The handling of the sample prior to pXRF analysis greatly affects the accuracy of the technique. Variations in soil moisture, particle size, heterogeneity, and density directly affect the accuracy of the results. For instance, Laiho and Perämäki [10] found that sample preparation could lead to more significant errors than the use of different pXRF instruments. When the sample preparation procedure is the same as the laboratory standard procedures, and the sample is sieved, dried, milled, and homogenised (“lab-prepared samples”), pXRF can provide accurate results comparable to destructive standard laboratory analyses (e.g., ICP-OES, ICP-MS), hereafter referred to as “laboratory analyses” [5,6,11]. However, the standard procedure can be so time-consuming that pXRF analysis on lab-prepared samples may not be cost-effective, as the gain in accuracy is followed by a reduction in the geochemical dataset.

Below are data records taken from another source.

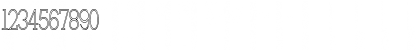 Danica Regular Font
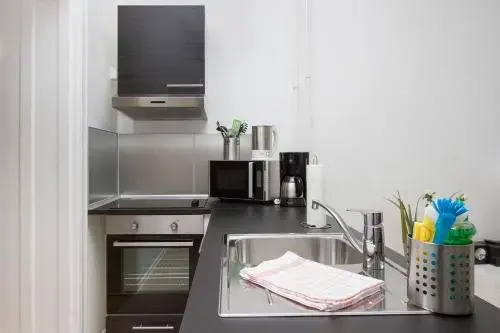 primeflats - Apartment for Families and Groups 26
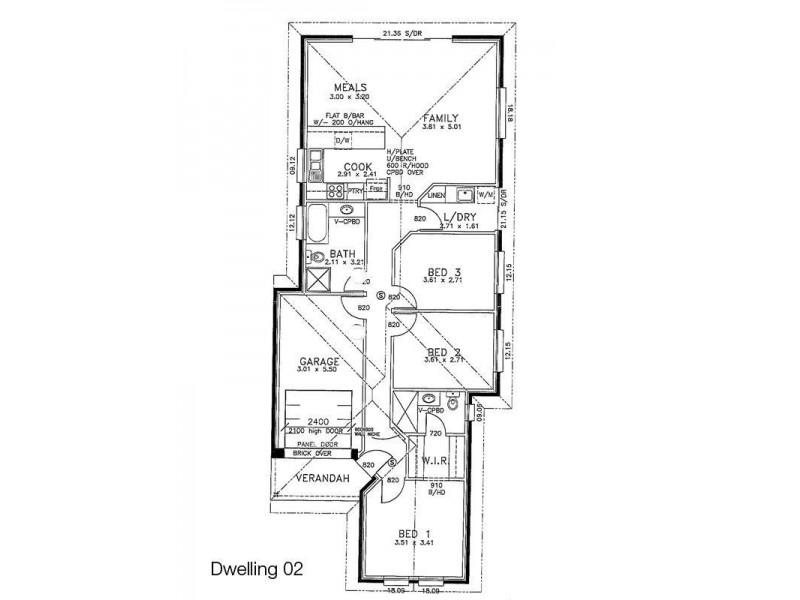 73 and 73A Redward Avenue, Greenacres SA 5086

The last issue affecting pXRF analyses is related to interferences and matrix effects. Interferences among elements can be produced by overlaps of the characteristic X-ray emission lines. Matrix effects appear as either X-ray absorption or enhancement phenomena, which can affect the determination of a single analyte. In the absence of a clear bias with any possibility to correct the output (e.g., adjusting the calibration slope of the linear regression), those errors may not be corrected. However, those effects can occur particularly in sites characterised by a uncommon geochemical composition, such as metal-bearing mineralised rocks or geological materials affected by mining, where trace elements that normally occur in the environment in the ppm or ppb range can reach notably higher concentrations, up to wt.%, with a variability of several orders of magnitude [12].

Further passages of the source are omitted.